I am learning python multiprocessing, and I am trying to use this feature to populate a list with all the files present in an os. However, the code that I wrote is executing sequentially only.
#!/usr/bin/python
import os
import multiprocessing
tld = [os.path.join("/", f) for f in os.walk("/").next()[1]] #Gets a top level directory names inside "/"
manager = multiprocessing.Manager()
files = manager.list()
def get_files(x):
for root, dir, file in os.walk(x):
for name in file:
files.append(os.path.join(root, name))
mp = [multiprocessing.Process(target=get_files, args=(tld[x],))
for x in range(len(tld))]
for i in mp:
i.start()
i.join()
print len(files)
When I checked the process tree, I can see only a single chile processes spawned. (man pstree says {} denotes the child process spawned by the parent.)
---bash(10949)---python(12729)-+-python(12730)---{python}(12752)
`-python(12750)`
What I was looking for was, to spawn a process for each tld directory, populate the shared list files
, and that would be around 10-15 processes depending on the number of directories. What am I doing wrong?
EDIT::
I used multiprocessing.Pool
to create worker threads, and this time the
processes are spawned, but is giving errors when I try to usemultiprocessing.Pool.map()
. I was referring to the following code in python docs that shows
from multiprocessing import Pool
def f(x):
return x*x
if __name__ == '__main__':
p = Pool(5)
print(p.map(f, [1, 2, 3]))
Following that example, I rewrote the code as
import os
import multiprocessing
tld = [os.path.join("/", f) for f in os.walk("/").next()[1]]
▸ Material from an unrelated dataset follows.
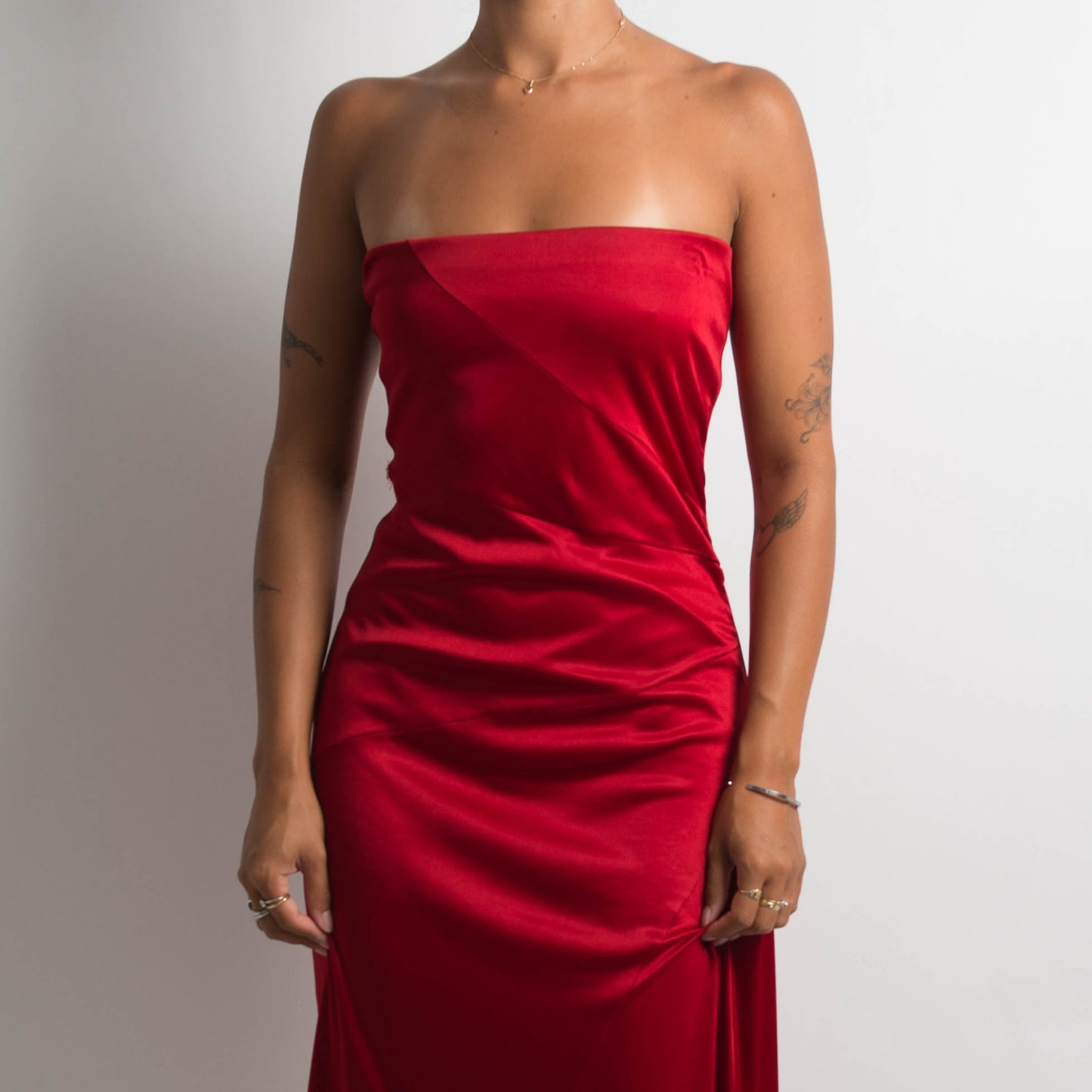 RED STRAPLESS GOWN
manager = multiprocessing.Manager()
pool = multiprocessing.Pool(processes=len(tld))
print pool
files = manager.list()
def get_files(x):
for root, dir, file in os.walk(x):
for name in file:
files.append(os.path.join(root, name))
pool.map(get_files, [x for x in tld])
pool.close()
pool.join()
print len(files)
and it is forking multiple processes.
---bash(10949)---python(12890)-+-python(12967)
|-python(12968)
|-python(12970)
|-python(12971)
|-python(12972)
---snip---
But the code is erroring saying
Process PoolWorker-2:
Traceback (most recent call last):
File "/usr/lib/python2.7/multiprocessing/process.py", line 258, in _bootstrap
Traceback (most recent call last):
File "/usr/lib/python2.7/multiprocessing/process.py", line 258, in _bootstrap
File "/usr/lib/python2.7/multiprocessing/process.py", line 258, in _bootstrap
File "/usr/lib/python2.7/multiprocessing/process.py", line 258, in _bootstrap
self.run()
File "/usr/lib/python2.7/multiprocessing/process.py", line 114, in run
self._target(*self._args, **self._kwargs)
File "/usr/lib/python2.7/multiprocessing/pool.py", line 102, in worker
File "/usr/lib/python2.7/multiprocessing/process.py", line 114, in run
task = get()
File "/usr/lib/python2.7/multiprocessing/queues.py", line 376, in get
return recv()
AttributeError: 'module' object has no attribute 'get_files'
self._target(*self._args, **self._kwargs)
self.run()
task = get()
File "/usr/lib/python2.7/multiprocessing/process.py", line 114, in run
self.run()
File "/usr/lib/python2.7/multiprocessing/process.py", line 114, in run
self._target(*self._args, **self._kwargs)
File "/usr/lib/python2.7/multiprocessing/pool.py", line 102, in worker
File "/usr/lib/python2.7/multiprocessing/process.py", line 114, in run
task = get()
File "/usr/lib/python2.7/multiprocessing/queues.py", line 376, in get
AttributeError: 'module' object has no attribute 'get_files'
self.run()
What am I doing wrong here, and why do the get_files() function errors out?